1 - Nonparametric Statistical Models

Summary

In this chapter we introduce and motivate the statistical models that will be considered in this book. Some of the materials depend on basic facts developed in subsequent chapters – mostly the basic Gaussian process and Hilbert space theory. This will be hinted at when necessary.

Very generally speaking, a statistical model for a random observation Y is a family

{P_f : f ∈ F}

of probability distributions P_f, each of which is a candidate for having generated the observation Y. The parameter f belongs to the parameter space F. The problem of statistical inference on f, broadly speaking, can be divided into three intimately connected problems of using the observation Y to

1. (a) Estimate the parameter f by an estimator T(Y),

2. (b) Test hypotheses on f based on test functions Ψ(Y) and/or

3. (c) Construct confidence sets C(Y) that contain f with high probability.

To interpret inferential results of these kinds, we will typically need to specify a distance, or loss function on F, and for a given model, different loss functions may or may not lead to very different conclusions.

The statistical models we will introduce in this chapter are, on the one hand, conceptually closely related to each other in that the parameter space F is infinite or high dimensional and the loss functions relevant to the analysis of the performance of statistical procedures are similar.

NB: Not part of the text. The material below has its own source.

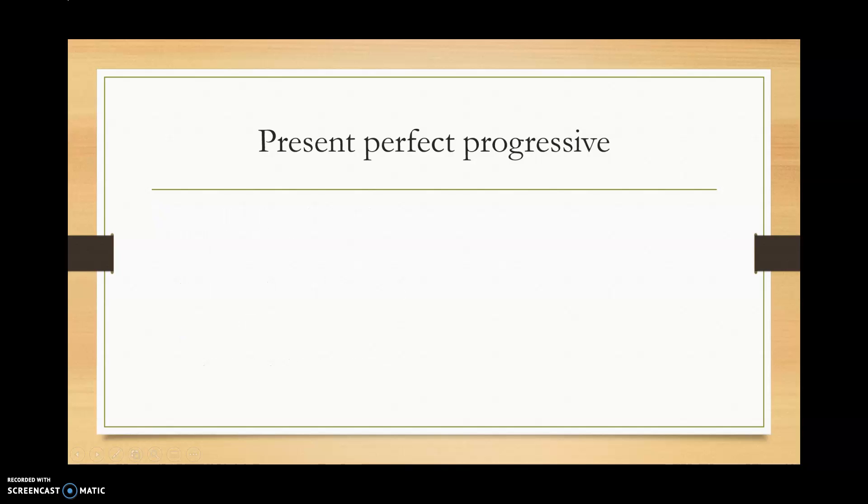That's it for present perfect progressive. It's not a very common tense in English, but it's important to know it for when you hear it and when you read it. One more video to go — see you then.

On the other hand, these models are naturally divided by the different probabilistic frameworks in which they occur – which will be either a Gaussian noise model or an independent sampling model. These frameworks are asymptotically related in a fundamental way (see the discussion after Theorem 1.2.1). However, the most effective probabilistic techniques available are based on a direct, nonasymptotic analysis of the Gaussian or product probability measures that arise in the relevant sampling context and hence require a separate treatment.

Thus, while many of the statistical intuitions are common to both the sampling and the Gaussian noise models and in fact inform each other, the probabilistic foundations of these models will be laid out independently.